Splitting text into lines

Tue Dec 13 12:54:51 EST 2016

On Tue, Dec 13, 2016, at 12:25, George Trojan - NOAA Federal wrote:
> >
> > Are repeated newlines/carriage returns significant at all? What about
> > just using re and just replacing any repeated instances of '\r' or '\n'
> > with '\n'? I.e. something like
> >  >>> # the_string is your file all read in
> >  >>> import re
> >  >>> re.sub("[\r\n]+", "\n", the_string)
> > and then continuing as before (i.e. splitting by newlines, etc.)
> > Does that work?
> > Cheers,
> > Thomas
> 
> 
> The '\r\r\n' string is a line separator, though not used consistently in
> US
> meteorological bulletins. I do not want to eliminate "real" empty lines.
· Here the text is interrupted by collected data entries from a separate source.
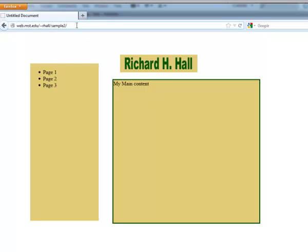And that's how to create a simple page from scratch in Dreamweaver.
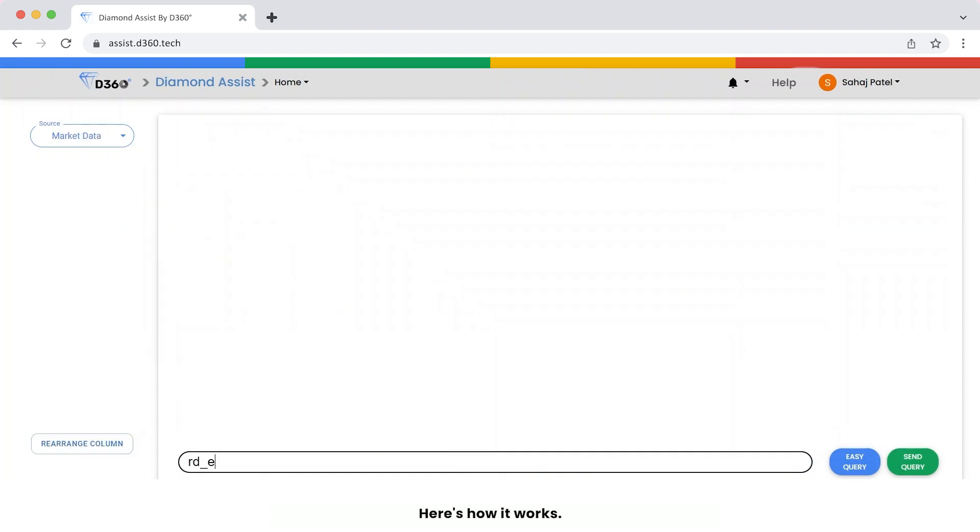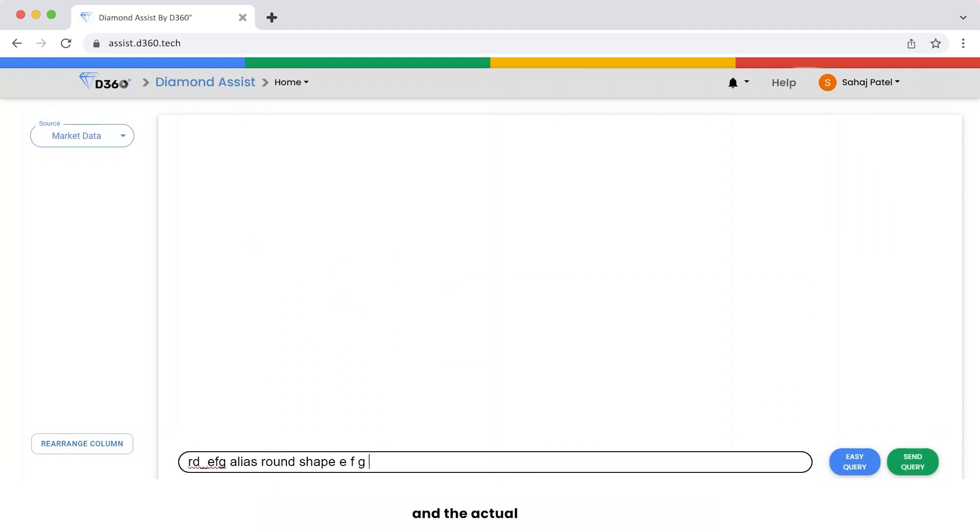Here's how it works. Enter your shortcut, followed by alias, and the actual query.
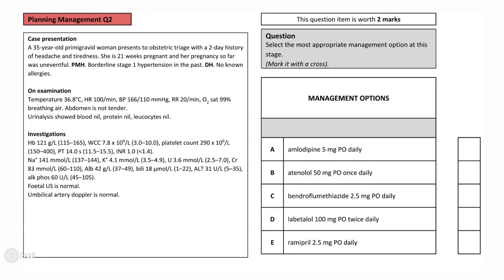The only abnormal finding here is her high blood pressure, and her symptoms of headache and tiredness can be attributed to this. The diagnosis is therefore gestational hypertension. This lady's urinalysis was normal, which excludes pre-eclampsia as a diagnosis. This question therefore checks whether you know that the management of hypertension in pregnant women differs from that of the general population. The correct answer in this case is labetalol.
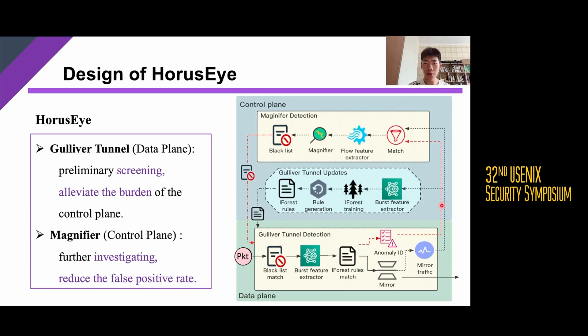To tackle these challenges, we designed HorseEye, a novel two-stage IoT anomaly detection framework consisting of Gulliver Tunnel and Magnifer, deployed on the data plane and the control plane respectively. Gulliver Tunnel conducts preliminary screening, aiming at filtering as much normal traffic as possible to alleviate the burden of the control plane. Magnifer then further investigates the reported data. The whole architecture is consistent with the general idea mentioned before, and we add a few design details to address the three challenges.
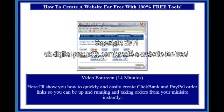Video 14, 14 minutes. Here I'll show you how to quickly and easily create ClickBank and PayPal order links, so that you can be up and running and taking orders from your mini-site instantly.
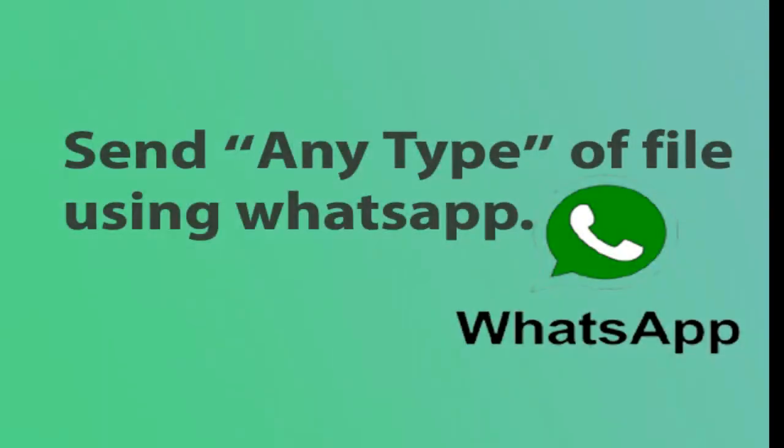WhatsApp can send text files, images, and PDF files, but cannot send zip files, Android app files, database files, or EXE files.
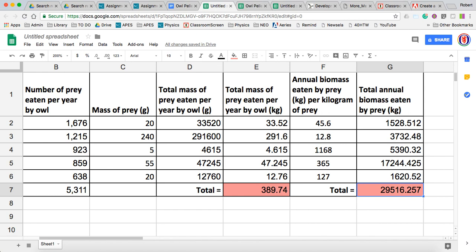I think that we have numbers that are legit. Let's go with these numbers for completing, for building, for drawing our biomass pyramid. Let's go with them.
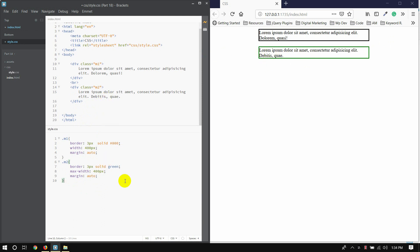Okay, now with the max-width, we will check the small device at the same time.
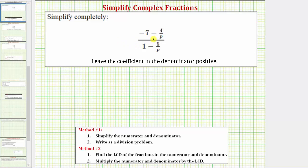We want to simplify the given complex fraction, and we'll discuss how to simplify it using two different methods. Let's begin by simplifying using method two. The first step in method two is to find the least common denominator of the fractions in the numerator and denominator of the complex fraction.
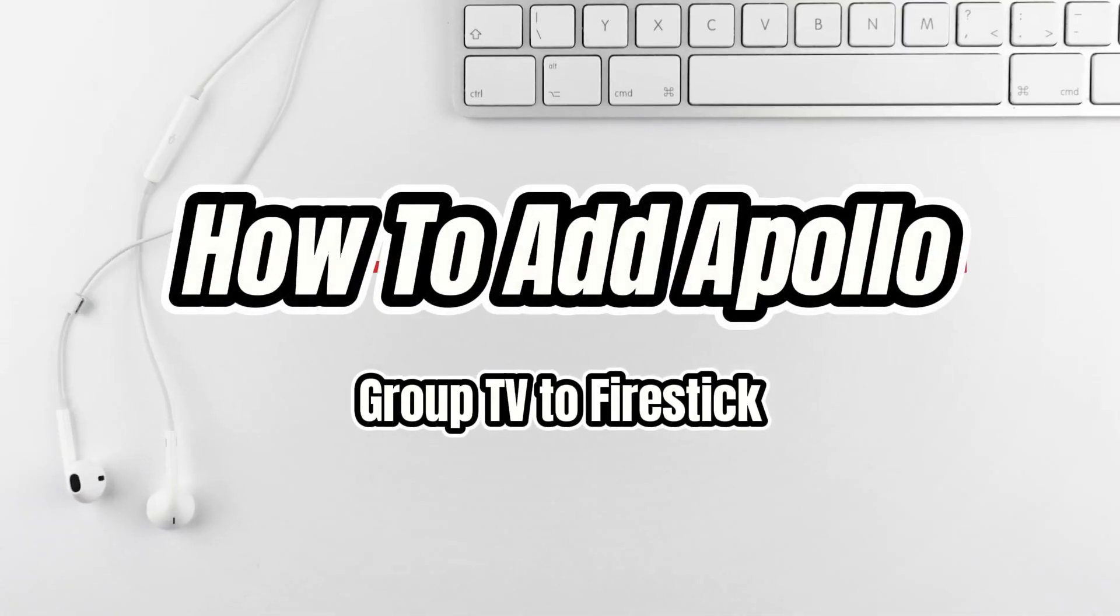Today I'll show you how to install the Apollo Group TV app on your Fire Stick. This is an easy process that takes just a few minutes. So let's jump in.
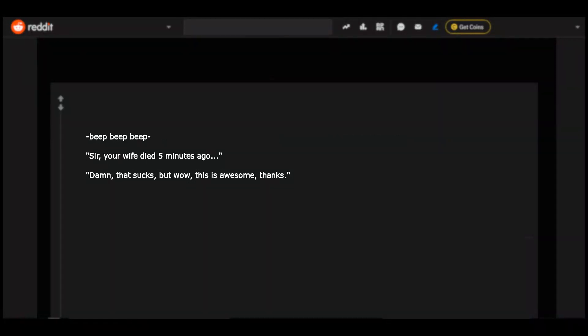Beep beep beep. Sir, your wife died five minutes ago. Damn, that sucks. But wow, this is awesome. Thanks.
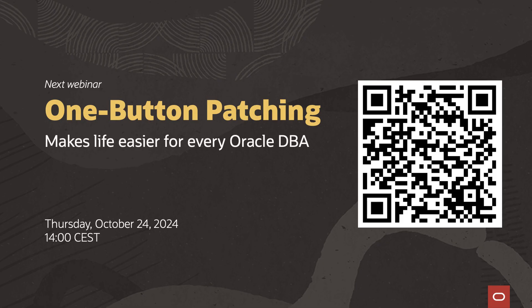Happy patching. For more information and even more demos, join our webinar on October 24. Scan the QR code or use the link below in the description to sign up. See you there.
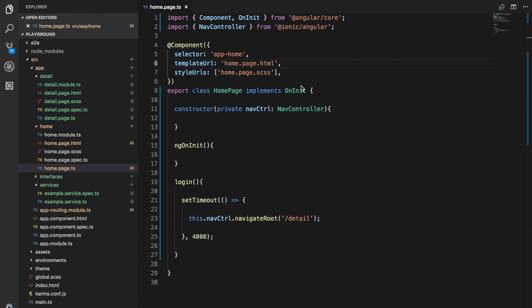Hello and welcome to Ionic Tips weekly episode 7, the weekly Ionic show where we take a look at one small tip each week to try and become better Ionic developers.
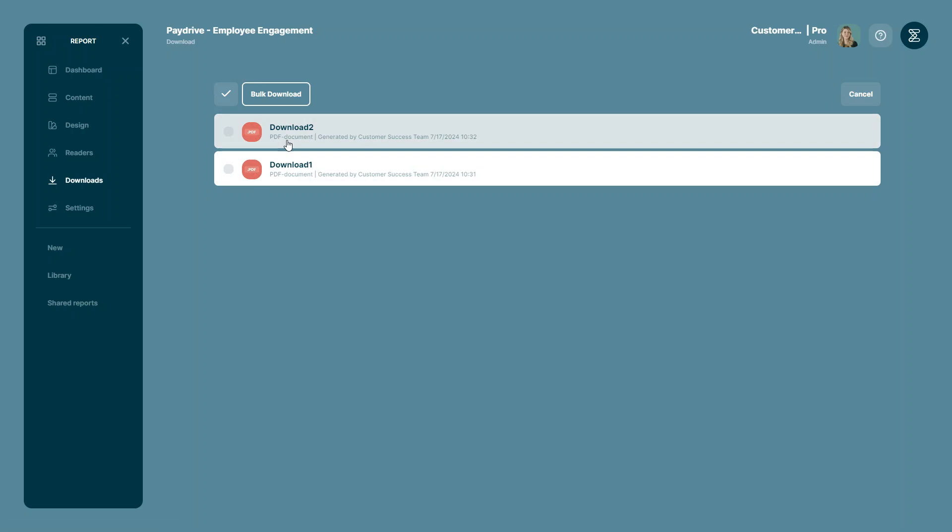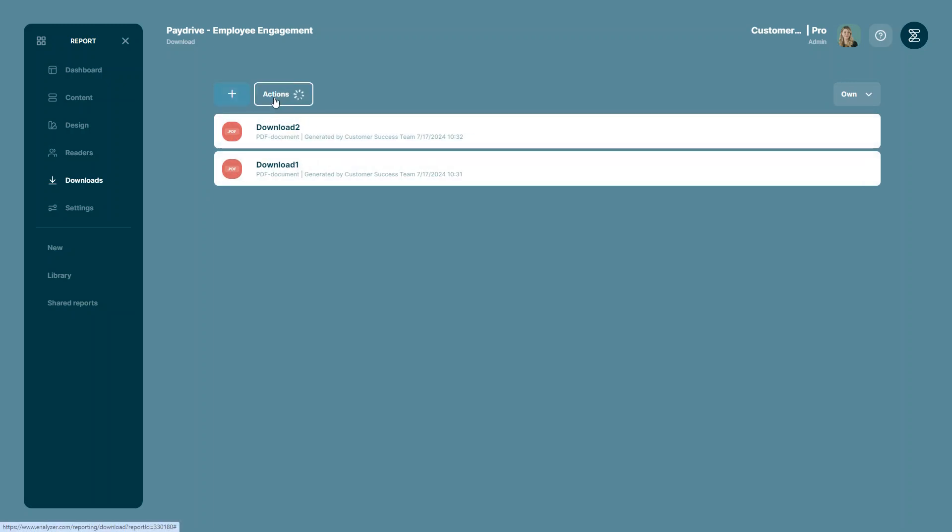Then you can select the files you want to include, you want to include both of them, and click bulk download.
I'd do re.sub("\r*\n", "\n", the_string). Any "real" empty lines are
almost certainly going to have two \n characters, regardless of any \r
characters. It looks like what *happens* is that the file, or some part
of the file, had \r\n line endings originally and was "converted" to
turn the \n into \r\n.

> I was hoping there is a way to prevent read() from making hidden changes
> to the file content.

Pass newline='' into open.